Storage and Gradient Checkpointing

Backward propagation needs forward-time snapshots. Storage mode controls where those snapshots live and strongly affects speed/memory trade-offs.

storage_mode

  • device: store on the same device as compute.
  • cpu: store on host memory.
  • disk: store on local disk.
  • none: disable storage.
  • auto: select device/cpu/disk based on configured memory limits.

Default behavior in high-level APIs is device unless auto is explicitly requested.

storage_compression

Supported values: - False / "none": full precision snapshots - True / "bf16": BF16 compressed snapshots (default compute path)

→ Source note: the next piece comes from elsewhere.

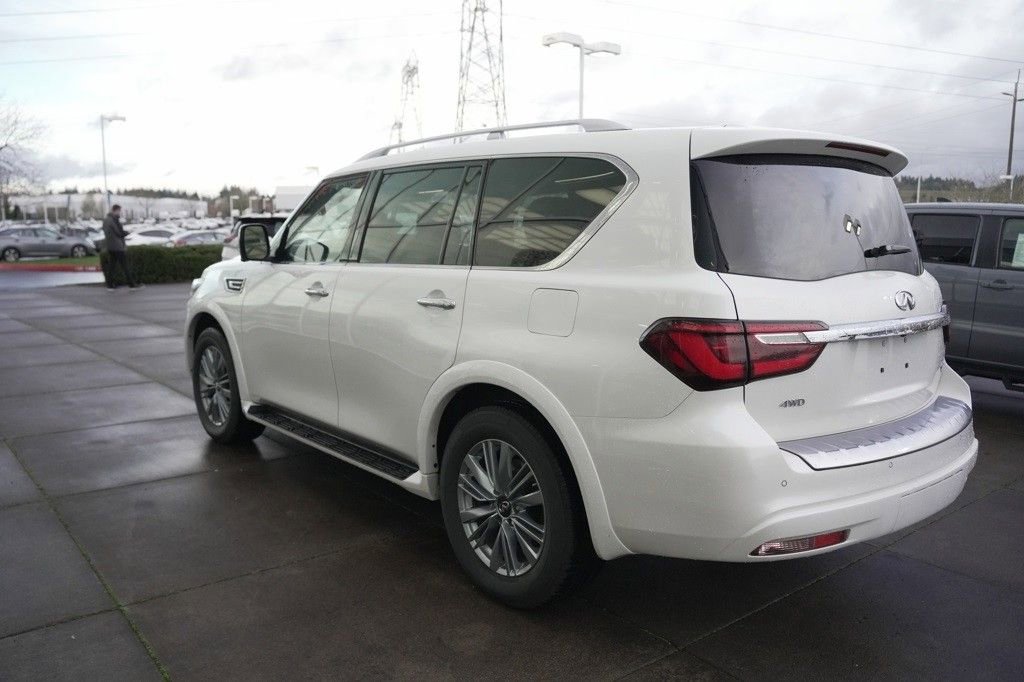Used 2024 INFINITI QX80 Luxe image 7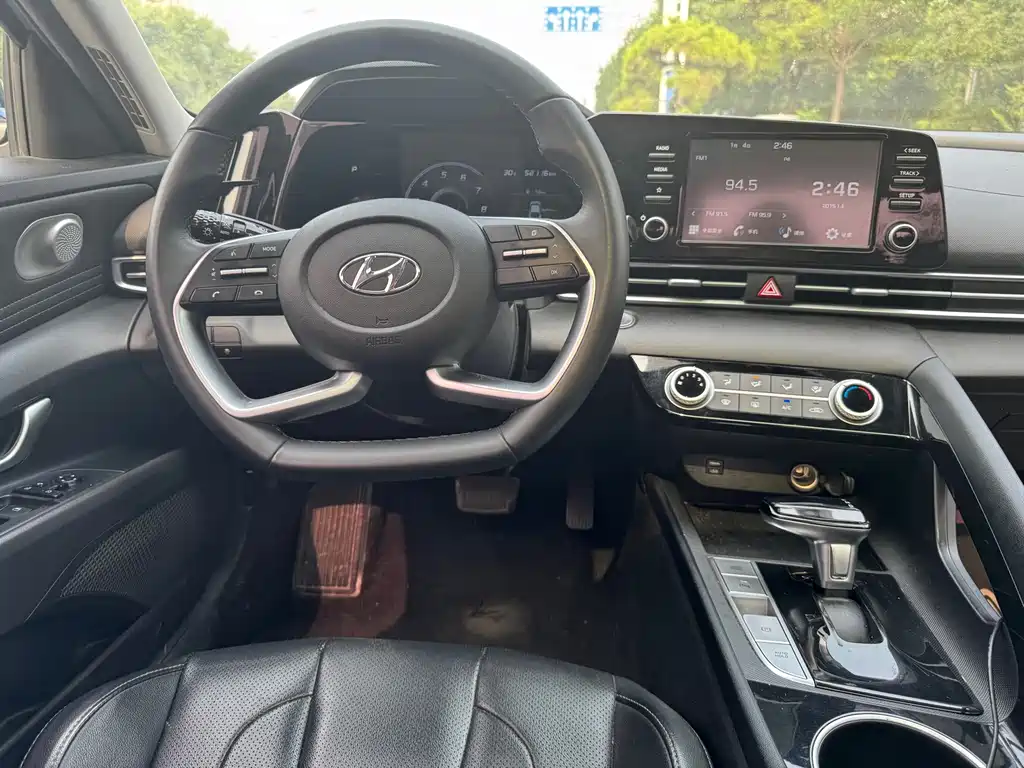 Hyundai Elantra 2022 — фото 11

Compression reduces memory and I/O pressure at the cost of precision.

TemporaryStorage

Disk mode writes snapshot chunks under a temporary per-run directory. TemporaryStorage is responsible for: - creating unique directory names - allocating shot file paths - cleanup on close/destructor

Tuning Checklist

  1. If GPU memory is sufficient, use storage_mode=device for best speed.
  2. If GPU OOM occurs, switch to cpu first.
  3. If host memory is also constrained, use disk.
  4. For auto mode, set storage_bytes_limit_device and storage_bytes_limit_host.
  5. Use bf16 compression when memory pressure dominates and accuracy remains acceptable.